* Task instructions *
Copy out the data word for word. The images are not part of the copy.

Web page caption snippets
-------------------------
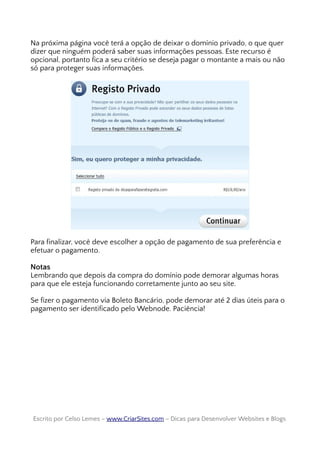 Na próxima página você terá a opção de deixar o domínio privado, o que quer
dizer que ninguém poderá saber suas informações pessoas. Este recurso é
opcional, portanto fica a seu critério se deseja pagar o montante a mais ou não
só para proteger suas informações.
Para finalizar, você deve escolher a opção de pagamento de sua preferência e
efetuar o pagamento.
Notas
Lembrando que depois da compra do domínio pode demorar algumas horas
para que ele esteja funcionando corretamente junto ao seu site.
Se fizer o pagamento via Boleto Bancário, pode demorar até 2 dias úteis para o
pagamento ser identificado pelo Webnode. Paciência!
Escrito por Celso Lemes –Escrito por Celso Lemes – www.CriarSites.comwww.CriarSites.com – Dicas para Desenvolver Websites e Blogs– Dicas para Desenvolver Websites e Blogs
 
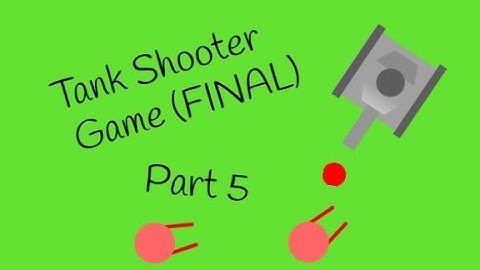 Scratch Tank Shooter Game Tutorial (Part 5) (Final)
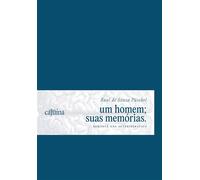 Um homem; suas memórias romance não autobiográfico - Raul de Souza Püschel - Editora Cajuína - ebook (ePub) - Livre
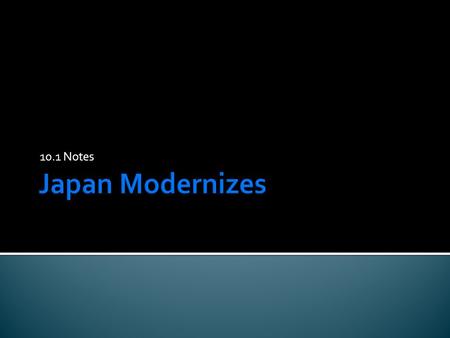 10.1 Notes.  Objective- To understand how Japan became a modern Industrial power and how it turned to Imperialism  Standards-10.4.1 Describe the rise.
-------------------------
* Exercise response *
 Na próxima página você terá a opção de deixar o domínio privado, o que quer
dizer que ninguém poderá saber suas informações pessoas. Este recurso é
opcional, portanto fica a seu critério se deseja pagar o montante a mais ou não
só para proteger suas informações.
Para finalizar, você deve escolher a opção de pagamento de sua preferência e
efetuar o pagamento.
Notas
Lembrando que depois da compra do domínio pode demorar algumas horas
para que ele esteja funcionando corretamente junto ao seu site.
Se fizer o pagamento via Boleto Bancário, pode demorar até 2 dias úteis para o
pagamento ser identificado pelo Webnode. Paciência!
Escrito por Celso Lemes –Escrito por Celso Lemes – www.CriarSites.comwww.CriarSites.com – Dicas para Desenvolver Websites e Blogs– Dicas para Desenvolver Websites e Blogs
 
 Scratch Tank Shooter Game Tutorial (Part 5) (Final)
 Um homem; suas memórias romance não autobiográfico - Raul de Souza Püschel - Editora Cajuína - ebook (ePub) - Livre
 10.1 Notes.  Objective- To understand how Japan became a modern Industrial power and how it turned to Imperialism  Standards-10.4.1 Describe the rise.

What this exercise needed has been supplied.